В 6 часов вечера, когда было еще светло, мы двинулись дальше и проследовали мимо хутора, черного как головешка. Марш длился 8 часов. Потом нам дали 2 часа для отдыха. Чтобы согреться, мы с Блумом завернулись в брезентовое полотно от палатки и, прижавшись друг к другу, уснули крепким сном. От него я узнал, что артиллеристы по радио перехватили сообщение англичан о том, что наша дивизия потеряла 18 процентов офицеров и 11 процентов рядовых.

Затем подъем, снова 40-километровый марш по разъезженным танками дорогам и по полям с подсолнечником, высоченным, словно деревья в лесу. Ощущения, прямо скажем, не из приятных. Ямполь, Калиново Болото и другие отдаленные поселения с названиями, похожими на заклинания, по которым пролегал наш маршрут, производили безрадостное впечатление. Это были остатки былого богатства и изобилия. Их деревянные домики с остекленными верандами напомнили мне прежний баварский город Штраубинг во времена династии Виттельсбахов.

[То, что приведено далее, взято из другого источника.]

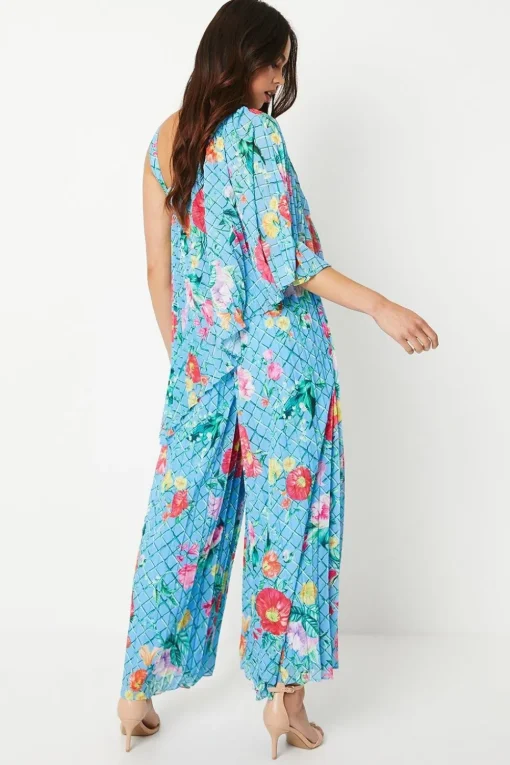 Petite Pleat One Shoulder Jumpsuit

Под Златополем мы остановились на отдых у тутового дерева и решили полакомиться его плодами. Оно стояло рядом с песчаной дорогой, и я, взобравшись на него, уселся на сук, словно мытарь Закхей[43]. Мимо дерева проходила наша дивизия, и мне удалось увидеть нескольких боевых товарищей, с которыми мы вместе были в Польше и во Франции.

Кукуруза, огурцы, дыни и арбузы придавали местности южный колорит. В атмосфере витал приятный аромат. Несмотря на то что лето кончилось, поля стояли неубранными. По несобранному урожаю можно было судить, насколько плодородной здесь была земля. Дальше тянулись бесконечные болота, и воздух дрожал над необъятными просторами, посреди которых протекала невидимая отсюда красивая речка Тясмин со своими быстрыми и чистыми водами. Вокруг Днепра, как и у всех больших рек на Востоке, было много различных ручьев и речек, обвивших его большое и широкое русло словно паразиты (они образовывали разветвленный речной бассейн). Самым важным здесь был его приток – река Тясмин.